Saturday 30 May 2015

HISTORY OF MAASAI

The Maasai are a Nilotic group. They inhabit the African Great Lakes region. Nilotes speak Nilo-Saharan language, and came to Southeast Africa by way of South Sudan. Most Nilotes in the area, including the Maasai, the Samburu and the Kalenjin, are pastoralists, and are famous for their fearsome reputations as warriors and cattle-rustlers. As with the Bantu, the Maasai and other Nilotes in Eastern Africa have adopted many customs and practices from the neighboring Cushitic groups, including the age set system of social organization, circumcision, and vocabulary terms.
According to their own oral history, the Maasai originated from the lower Nile valley north of Lake Turkana (Northwest Kenya) and began migrating south around the 15th century, arriving in a long trunk of land stretching from what is now northern Kenya to what is now central Tanzania between the 17th and late 18th century. Many ethnic groups that had already formed settlements in the region were forcibly displaced by the incoming Maasai,[11] while other, mainly southern Cushitic groups, were assimilated into Maasai society. The resulting mixture of Nilotic and Cushitic populations also produced the Kalenjin and Samburu.

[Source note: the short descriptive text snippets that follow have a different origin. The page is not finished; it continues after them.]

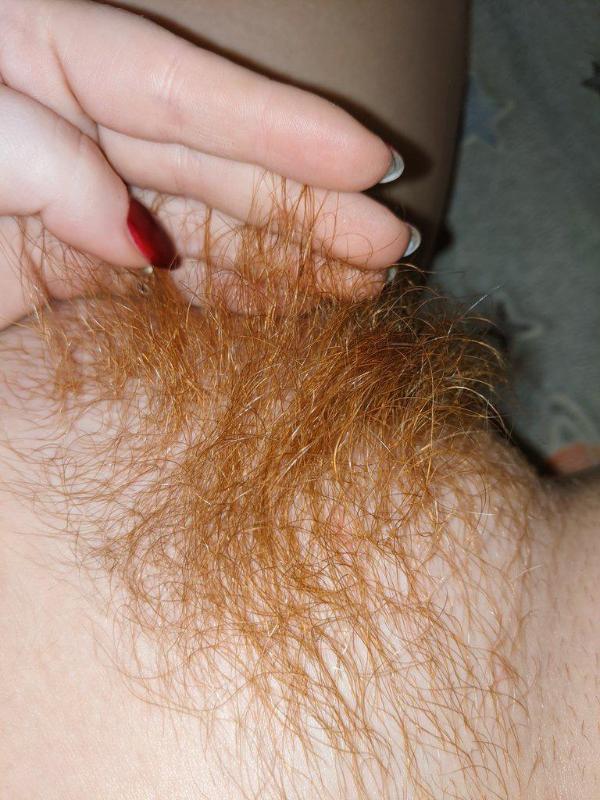 IM AVAILABLE 💦💦RIGHT NOW AND READY FOR ALL KIND OF MEETUPS HOOK ME UP NOW💋🍆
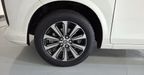 Toyota Avanza 1.5 XLE CVT Minivan 2022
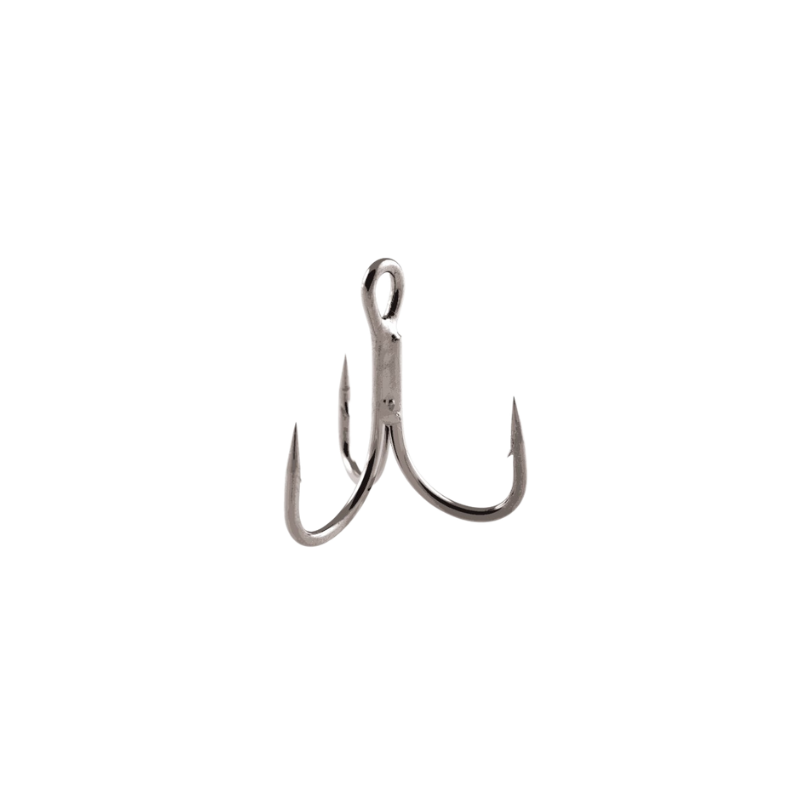 OWNER TREBLE STINGER 56 HOOK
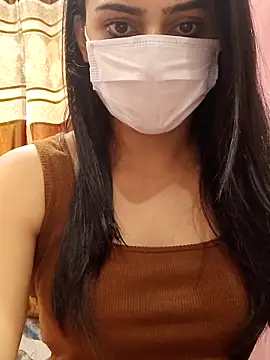 Mylovesana online show from 22, 3, 2025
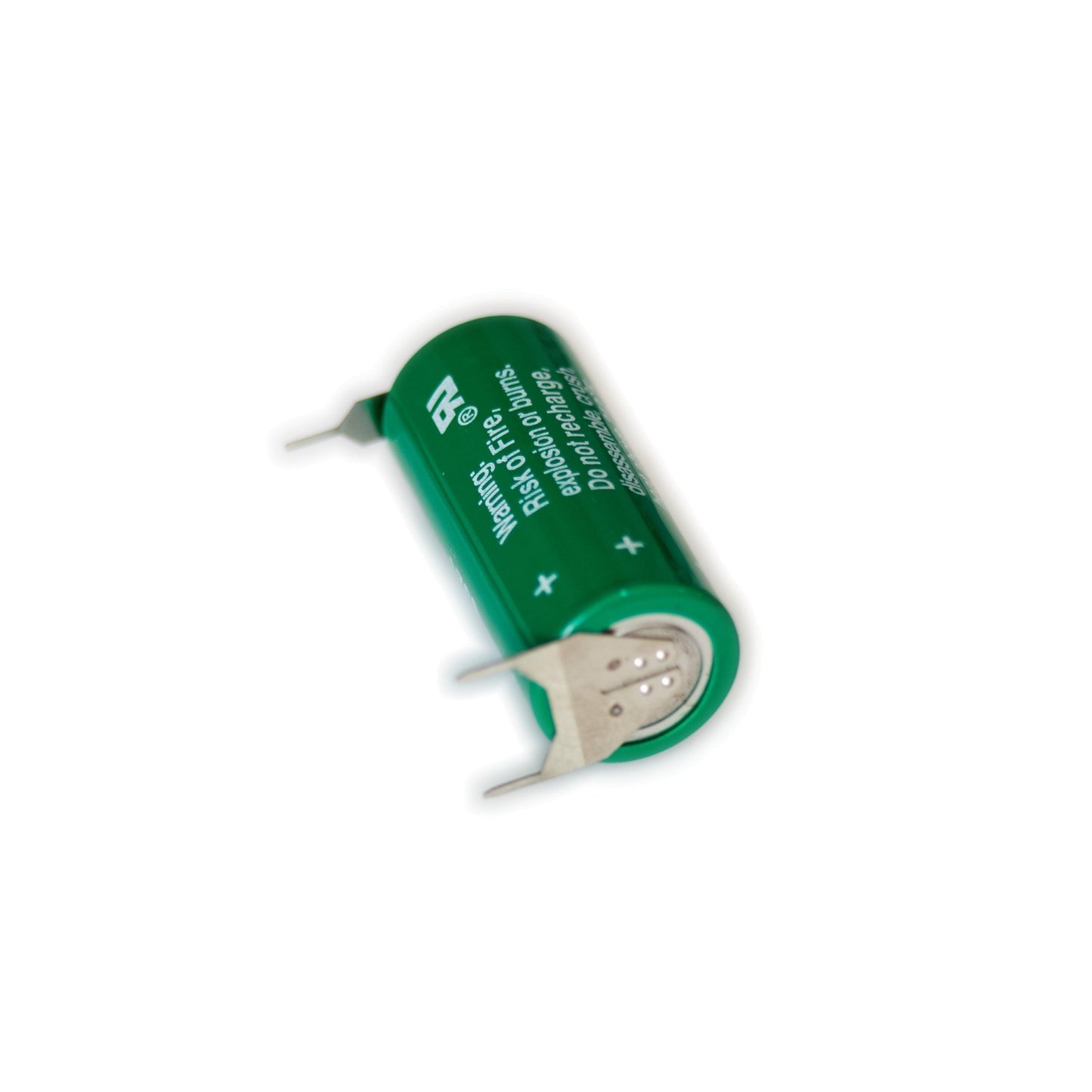 Ensoniq - SD-1 - Battery - Synthesizer-Parts.com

The Maasai territory reached its largest size in the mid-19th century, and covered almost all of the Great Rift Valley and adjacent lands from Mount Marsabit in the north to Dodoma in the south. At this time the Maasai, as well as the larger Nilotic group they were part of, raised cattle as far east as the Tanga coast in Tanganyika (now mainland Tanzania). Raiders used spears and shields, but were most feared for throwing clubs (orinka) which could be accurately thrown from up to 70 paces (appx. 100 metres). In 1852, there was a report of a concentration of 800 Maasai warriors on the move in what is now Kenya. In 1857, after having depopulated the "Wakuafi wilderness" in what is now southeastern Kenya, Maasai warriors threatened Mombasa on the Kenyan coast.